Artikel 8.1.4 Kosten belastingaangifte ex-zelfstandig ondernemer

  • 1.

    Een ex-zelfstandig ondernemer die voldoet aan de voorwaarden van artikel 8.1.2, eerste lid en tweede lid, sub a en b, van deze beleidsregels en die door het ontstaan van een problematische schuldensituatie geen financiële mogelijkheden heeft om de belastingaangifte(n) (omzet- en/of inkomstenbelasting) te verrichten kan op indicatie van het college eenmalig in aanmerking komen voor een tegemoetkoming in de kosten van het op orde laten brengen van deze aangiften.

  • 2.

    De hoogte van deze tegemoetkoming is gebaseerd op een offerte van een boekhouder die de ex-zelfstandig ondernemer overlegt, rekening houdende met een marktconform tarief en bedraagt eenmalig maximaal € 500,-.

Artikel 8.1.5 Kosten budgetbeheer

  • 1.

    Budgetbeheer heeft tot doel de inkomsten en uitgaven van de belanghebbende te beheren en in evenwicht te houden, het garanderen dat betalingen tijdig gedaan worden en dat er geen (nieuwe) schulden of betalingsachterstanden ontstaan, conform het overeengekomen budgetplan en plan van aanpak. Dit heeft minimaal betrekking op huur/hypotheek, nutsvoorzieningen en wettelijk verplichte verzekeringen.

  • 2.

    Het college indiceert de noodzaak en vorm van budgetbeheer en de daarmee samenhangende kosten.

  • 3.

    Als het college een indicatie voor budgetbeheer heeft afgegeven komen de kosten van budgetbeheer in aanmerking voor vergoeding als het budgetbeheer gekoppeld is aan een schuldhulpverleningstraject of als voorliggende voorziening voor beschermingsbewind. In andere situaties is in beginsel geen vergoeding van de kosten mogelijk.

  • 4.

    Het budgetbeheer is een tijdelijk instrument.

  • 5.

    Het college onderzoekt periodiek of de vorm van budgetbeheer nog passend is, of een belanghebbende kan doorstromen naar een minder uitgebreide vorm, dan wel kan stoppen met budgetbeheer.

  • 6.

    Als het college van oordeel is dat het budgetbeheer beëindigd kan worden, dan wordt de beëindiging geeffectueerd na een gewenningsperiode van drie maanden na de datum van de beëindigingsbeschikking.

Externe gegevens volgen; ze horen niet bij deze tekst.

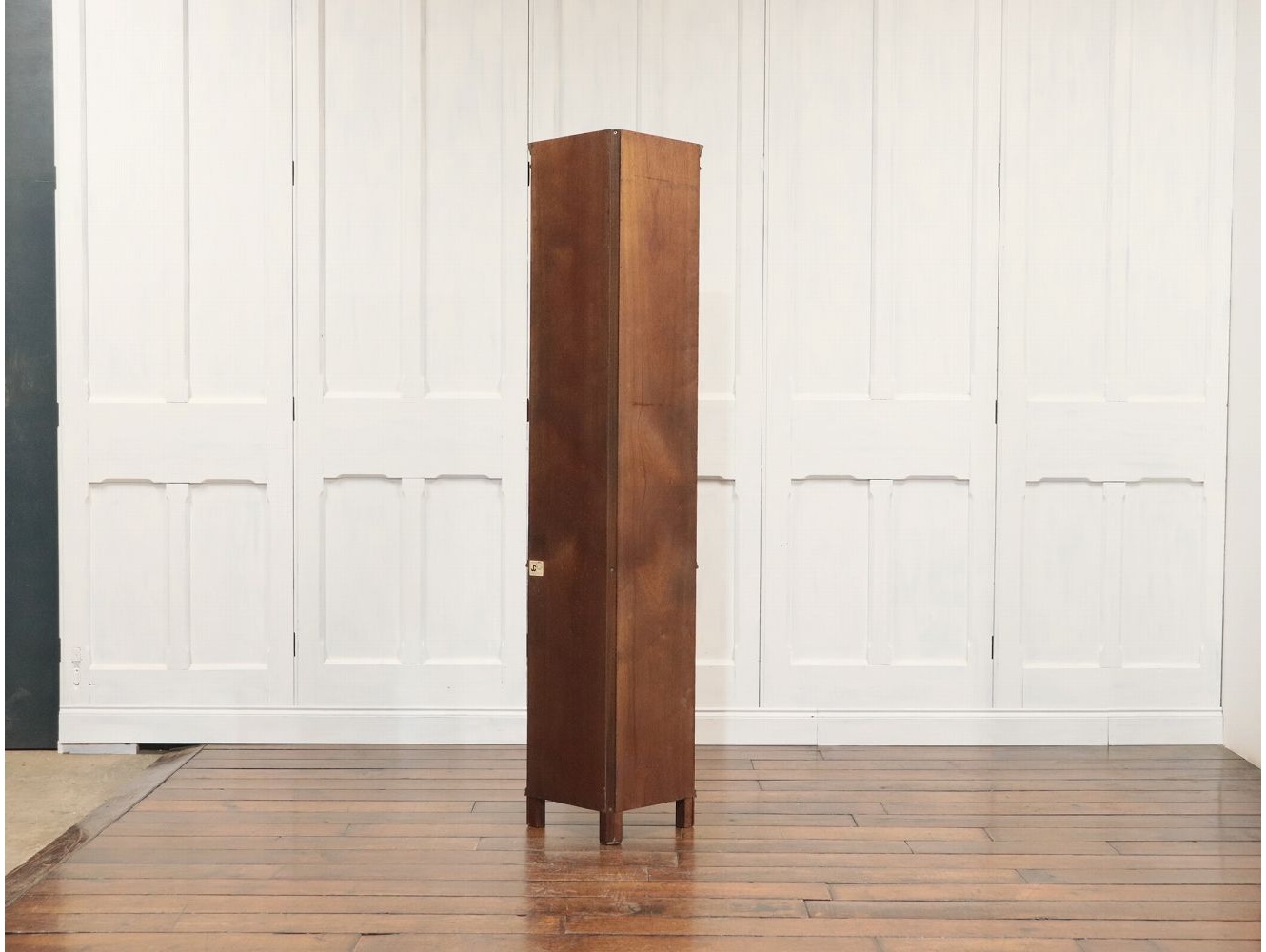 コーナーキャビネット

Artikel 8.1.6 Verplichtingen

  • 1.

    De medewerkingsplicht als bedoeld in artikel 7 van de Wet gemeentelijke schuldhulpverlening bestaat onder andere uit:

    • a.

      het op tijd verschijnen op afspraken;

    • b.

      er alles aan te doen om niet-noodzakelijke uitgaven te verminderen;

    • c.

      het aanwenden van het beschikbaar vermogen ter aflossing van de schuld(en);

    • d.

      het op tijd betalen van de vaste lasten zoals huur, energie en zorgpremie;

    • e.

      het meewerken aan het oplossen van onderliggende problematiek als dat nodig is voor het slagen van het schuldhulpverleningstraject;

    • f.

      het nalaten van handelingen en activiteiten die van nadelige invloed zijn op het schuldhulpverleningstraject;

    • g.

      het actief deelnemen aan bijeenkomsten, trainingen, financiële coaching en workshops in het kader van schuldhulpverlening.

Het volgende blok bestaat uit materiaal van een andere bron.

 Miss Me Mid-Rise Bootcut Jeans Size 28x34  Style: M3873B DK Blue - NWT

Artikel 8.1.7 Bijzondere verplichtingen

  • 1.

    Naast de verplichtingen vermeld in de Wet gemeentelijke schuldhulpverlening en artikel 8.1.6 van deze beleidsregels zijn, in ieder geval, de volgende bijzondere verplichtingen van toepassing bij een betalingsregeling, zoals bedoeld in artikel 8.1.3, vierde lid, sub d, van deze beleidsregels:

    • a.

      de schuldbemiddeling wordt gedaan op basis van gelijkberechtiging van schuldeisers;

    • b.

      vorderingen waaraan zekerheden zijn verbonden worden als concurrente vorderingen erkend ná uitwinning van de zekerheid;

    • c.

      betaling aan schuldeisers geschiedt naar evenredigheid van hun vordering, met dien verstande, dat de schuldeisers met een wettelijke preferentie een twee keer zo hoog percentage als de concurrente schuldeisers ontvangen tot maximaal het beloop van hun vordering;

    • d.

      uitkeringen uit gemeentelijke en particuliere fondsen aan of ten behoeve van de schuldenaar in het kader van de schuldbemiddeling komen alle schuldeisers ten goede op basis van gelijkberechtiging;

    • e.

      de aflossingsverplichtingen worden correct en stipt nagekomen door belanghebbende.

  • 2.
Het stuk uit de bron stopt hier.